My persuasion worked and J & B promptly appeared in optics all over Britain. But then foreigners, used to the idea of J & B as a luxury premium brand, discovered it was just a commodity Scotch in its native Britain and the discovery was beginning to hurt sales in the rest of the world. So, a few years later I had the embarrassing job of telling my in-house customers that they would have to discourage buyers by upping the price and transforming it into the same premium brand as it was everywhere else in the world.
People outside the drinks business may not appreciate what a serious mistake it was because I'd jeopardised J & B's image, and that's the only asset any drinks brand has - apart from its intrinsic quality - and even a whisky as good as J & B can be hurt if it becomes associated with cheapness.
The story has a happy ending. J & B is still not a big seller here (in Britain), though an awful lot of people are prepared to pay a premium price for it, but it's the second biggest selling Scotch in the world, and its sales outside the United States have gone up eight times in the last 15 years to more than four million cases. And that's not bad for a Scotch which was virtually unknown until the 1950s, and which depended on the US for 90 per cent of its sales until the 1960s."
George Bull - extract from "My Biggest Mistake", Independent on Sunday, 25 February 1990

Moving on from perceived quality to realisation of quality, there are some trends in World Class competition which need active tracking by managers and iterative foresight by directors:
·Increasingly, companies claim to be focusing their competences, and orienting new product development towards products and services which are strong enough to capture world markets.
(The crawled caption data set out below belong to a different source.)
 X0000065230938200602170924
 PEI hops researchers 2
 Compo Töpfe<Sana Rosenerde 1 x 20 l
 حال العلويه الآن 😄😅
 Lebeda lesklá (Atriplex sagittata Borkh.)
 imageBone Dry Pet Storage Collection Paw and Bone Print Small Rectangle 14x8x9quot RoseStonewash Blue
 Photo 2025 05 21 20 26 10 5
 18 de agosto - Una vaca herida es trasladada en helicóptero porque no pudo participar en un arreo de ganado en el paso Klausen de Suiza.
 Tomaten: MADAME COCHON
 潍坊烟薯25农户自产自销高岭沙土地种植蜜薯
Some of this is hype, but it suggests world standard in some product categories will be lifted above what would make do when companies were organised to deliver local standard produce. The opportunities for leaders and the risks for laggards from this trend need to be foreseen. Brands as processes do need to be increasingly tied in to a focused and realistic assessment of a company's combination of core competences.
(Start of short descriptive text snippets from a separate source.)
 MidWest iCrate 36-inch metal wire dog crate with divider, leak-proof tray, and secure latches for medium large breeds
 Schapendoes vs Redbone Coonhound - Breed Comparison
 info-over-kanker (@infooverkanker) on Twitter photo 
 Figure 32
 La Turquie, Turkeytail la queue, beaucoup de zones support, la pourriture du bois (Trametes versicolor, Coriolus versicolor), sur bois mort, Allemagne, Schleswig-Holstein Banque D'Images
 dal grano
·World class quality is not derived by a director's wave of a magic wand. It will need more teamworking, more carefully integrated R&D, and dedicated stamina of all involved over longer incubation periods. Branded markets are going to be horribly visible places for exposing companies who turn out to be incapable of organising the pre-marketing brand processes now implied by development of world class products and services.

World Class
Six years ago we wrote the following.
The world's best products often depend on highly personalised commitment. Local products of excellence will always be prized, but in an era where the meanings of local and national boundaries will soon need to be questioned more honestly, World Class brands should have the confidence and the integrity to symbolise the best produce, services and experiences that transnational cooperatives have to offer.
Good marketing involves facilitating offers that are as customised as technology and human endeavour can manage, while maintaining an economic balance which satisfies the customer and the company. Branding provides the power to identify a cause which unites people over time - with an appeal that acts as a centre of gravity - so that customers can benefit from economies of scale while enjoying a feeling of individual attention.
Chris Macrae, World Class Brands
It is this world class philosophy which advances the brand's social role as ambassador of free world trade and competition. And motivates staff in a service company to "reach out for the stars". But we now have a new interpretation for those involved in scoping the essence of individual brands.
We believe that anchor points of top level brands will increasingly move away from products to a consumer bond of trust that - whatever the brand offers as products - it will deliver particular balances of quality and value which the brand's reputation has come to signify. This means that top level branding will be more corporate. The reassurance of quality/value capabilities will come from consumers sharing a feeling of particular combinations of competence served by specific companies. If the architecture of retailer brands already manifests this, why cannot manufacturers' brands? If the architecture of service brands already manifests this, why not manufacturers' brands? If the architecture of fashion brands does this, why not manufacturers' brands? Ultimately, as we argue through Chapters 11 to 14, the economic models for branding World Class Quality and Value must involve more communications resource weighted towards organisation-wide banner brand processes and less towards product sub-brands than was practised by the classic fast moving consumer goods manufacturers of the twentieth century. It is a shame if the quality of the structure of a company's communications channels does not live up to the quality of its products.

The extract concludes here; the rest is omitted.